After it leaves Earth behind, it’ll spend another four months before it reaches its next target, the asteroid 52246 Donald Johanson, named after the discoverer of the Lucy fossil. It’s a C-type asteroid in the inner main belt. It’ll keep visiting other asteroids until 2033 when it visits the last one on its list, the binary Jupiter Trojan asteroid named 617 Patroclus–Menoetius.

Why visit all of these asteroids?

There are two groups of Trojan asteroids and they’re particularly interesting. They both have the same orbit as Jupiter around the Sun, but one group is in front, and one is behind.
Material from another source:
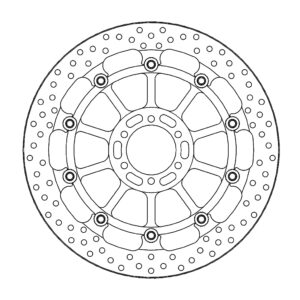 Moto-Master Racing Halo Jarrulevy eteen Aprilia: RSV4 RF/RR, Tuono V4 2017-->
Everything in the Solar System is in motion, and Lucy’s path takes it looping around and back and forth as it meets up with its different targets.

The Trojans are a diverse population of small objects that are remnants of the early Solar System. They’re now on stable orbits, and there are almost as many of them as there are asteroids in the main belt. Our models of planetary formation strongly suggest that the Trojans are leftovers from the same primordial material that formed the outer planets. They hold clues to the Solar System’s formation over four billion years ago.

We don’t know everything about the Trojans, but we know they’re diverse. We know that there are different types, including S-types and C-types. We know that they’re different sizes.

But Lucy and its instruments will tell us a lot we don’t know.

The spacecraft will examine each of its target asteroid’s surface geology. It’ll learn about layering, composition, crater count and distribution, and the different ages of its surface units.

It’ll show us each asteroid’s colour and surface composition. It’ll measure the properties of its regolith and the distribution of minerals, ices, and organic species. The spacecraft will tell us about the density and composition of the asteroids and will investigate their interiors by examining crater impacts, fractures, exposed bedrock, and ejecta.

Some of the Trojans may have rings, or even satellites like the final target does, the binary asteroid 617 Patroclus–Menoetius. If they do, Lucy will spot them, too.

To do its work, Lucy carries the types of instruments that most space probes carry: imaging cameras, infrared spectroscopic mappers, thermal infrared spectrometers, and other instruments.

Lucy has a planned 12-year mission length. But it likely won’t end there. After it visits 617 Patroclus–Menoetius it’ll likely be extended. At that point, Lucy’s convoluted orbit with its gravity assists will be behind it, and it’ll be in a stable orbit between the L4 and L5 Trojan asteroid clouds.

The mission extension will be influenced by what the spacecraft learns about its initial targets. One of the fun things about space missions is that there are always surprises, things that scientists just can’t foresee.

Maybe some of Lucy’s findings will surprise us, and maybe the mission extension will be in search of an answer to a question we haven’t even asked ourselves yet.